→ Aim of the task
In the listing below, locate the line that contains "My main goal" and the line that contains "Now, the OrCam". Restate word for word those two lines and every line between them, and nothing else.

→ Records for this exercise
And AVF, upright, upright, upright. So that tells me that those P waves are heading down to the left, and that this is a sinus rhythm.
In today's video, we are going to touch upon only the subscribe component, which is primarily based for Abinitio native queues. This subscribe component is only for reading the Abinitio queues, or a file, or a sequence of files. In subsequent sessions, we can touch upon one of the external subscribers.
---
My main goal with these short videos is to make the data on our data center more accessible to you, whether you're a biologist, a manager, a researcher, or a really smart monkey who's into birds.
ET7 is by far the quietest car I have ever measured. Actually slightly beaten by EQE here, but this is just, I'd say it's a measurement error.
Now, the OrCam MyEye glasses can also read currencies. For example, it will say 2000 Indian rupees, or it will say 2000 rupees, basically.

→ Exercise answer
My main goal with these short videos is to make the data on our data center more accessible to you, whether you're a biologist, a manager, a researcher, or a really smart monkey who's into birds.
ET7 is by far the quietest car I have ever measured. Actually slightly beaten by EQE here, but this is just, I'd say it's a measurement error.
Now, the OrCam MyEye glasses can also read currencies. For example, it will say 2000 Indian rupees, or it will say 2000 rupees, basically.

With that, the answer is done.